WORK REQUIRED - Copy exactly the stretch of data below from the line with "Dosa i förnicklad" through the line with "pink background. Close", including both of those lines.

(Extracted data entries)
-=-=-=-=-

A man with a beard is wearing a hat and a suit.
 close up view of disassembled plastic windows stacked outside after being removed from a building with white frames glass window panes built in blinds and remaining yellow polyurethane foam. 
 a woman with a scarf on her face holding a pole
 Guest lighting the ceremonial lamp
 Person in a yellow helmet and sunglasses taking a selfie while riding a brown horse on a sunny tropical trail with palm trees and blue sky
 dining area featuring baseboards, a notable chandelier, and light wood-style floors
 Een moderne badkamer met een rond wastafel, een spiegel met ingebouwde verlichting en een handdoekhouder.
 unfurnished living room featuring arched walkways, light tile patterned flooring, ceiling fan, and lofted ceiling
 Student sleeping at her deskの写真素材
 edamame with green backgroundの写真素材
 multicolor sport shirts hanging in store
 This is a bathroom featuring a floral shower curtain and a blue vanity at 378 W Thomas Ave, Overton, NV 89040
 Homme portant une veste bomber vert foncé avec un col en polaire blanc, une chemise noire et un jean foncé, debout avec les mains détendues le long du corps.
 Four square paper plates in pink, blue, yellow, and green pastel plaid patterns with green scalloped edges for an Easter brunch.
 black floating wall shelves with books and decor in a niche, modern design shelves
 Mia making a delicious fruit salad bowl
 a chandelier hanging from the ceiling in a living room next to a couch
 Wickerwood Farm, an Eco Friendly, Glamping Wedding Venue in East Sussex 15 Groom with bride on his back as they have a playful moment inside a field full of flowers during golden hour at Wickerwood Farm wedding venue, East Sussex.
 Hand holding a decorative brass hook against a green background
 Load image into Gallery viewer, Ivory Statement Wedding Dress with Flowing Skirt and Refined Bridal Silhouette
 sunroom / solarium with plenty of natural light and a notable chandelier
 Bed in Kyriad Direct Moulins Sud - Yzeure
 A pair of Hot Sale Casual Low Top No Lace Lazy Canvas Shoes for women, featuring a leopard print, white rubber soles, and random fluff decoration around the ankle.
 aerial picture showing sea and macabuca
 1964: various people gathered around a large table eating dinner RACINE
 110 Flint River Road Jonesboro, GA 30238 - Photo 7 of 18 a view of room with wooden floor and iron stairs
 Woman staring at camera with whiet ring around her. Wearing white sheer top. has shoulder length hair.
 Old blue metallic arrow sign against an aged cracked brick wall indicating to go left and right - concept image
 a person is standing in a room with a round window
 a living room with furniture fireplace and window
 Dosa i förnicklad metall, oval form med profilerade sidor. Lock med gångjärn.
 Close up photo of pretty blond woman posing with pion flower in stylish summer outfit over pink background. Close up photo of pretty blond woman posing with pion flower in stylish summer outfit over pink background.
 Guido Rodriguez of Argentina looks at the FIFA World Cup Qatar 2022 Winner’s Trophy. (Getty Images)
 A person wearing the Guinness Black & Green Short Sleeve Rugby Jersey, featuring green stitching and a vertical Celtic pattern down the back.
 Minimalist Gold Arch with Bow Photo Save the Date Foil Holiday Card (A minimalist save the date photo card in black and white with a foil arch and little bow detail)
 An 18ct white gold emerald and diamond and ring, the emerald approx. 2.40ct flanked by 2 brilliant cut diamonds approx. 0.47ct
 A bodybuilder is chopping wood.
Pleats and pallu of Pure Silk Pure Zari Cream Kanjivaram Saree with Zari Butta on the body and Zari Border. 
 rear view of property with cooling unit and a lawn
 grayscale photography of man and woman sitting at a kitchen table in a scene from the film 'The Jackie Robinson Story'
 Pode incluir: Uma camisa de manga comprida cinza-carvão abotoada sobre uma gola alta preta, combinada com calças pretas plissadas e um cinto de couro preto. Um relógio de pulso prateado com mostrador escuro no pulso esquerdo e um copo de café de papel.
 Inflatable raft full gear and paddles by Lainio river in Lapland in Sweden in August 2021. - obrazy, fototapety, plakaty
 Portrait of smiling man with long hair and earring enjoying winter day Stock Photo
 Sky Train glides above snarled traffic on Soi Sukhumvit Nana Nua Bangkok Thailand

-=-=-=-=-

WRITTEN SOLUTION -
 Dosa i förnicklad metall, oval form med profilerade sidor. Lock med gångjärn.
 Close up photo of pretty blond woman posing with pion flower in stylish summer outfit over pink background. Close up photo of pretty blond woman posing with pion flower in stylish summer outfit over pink background.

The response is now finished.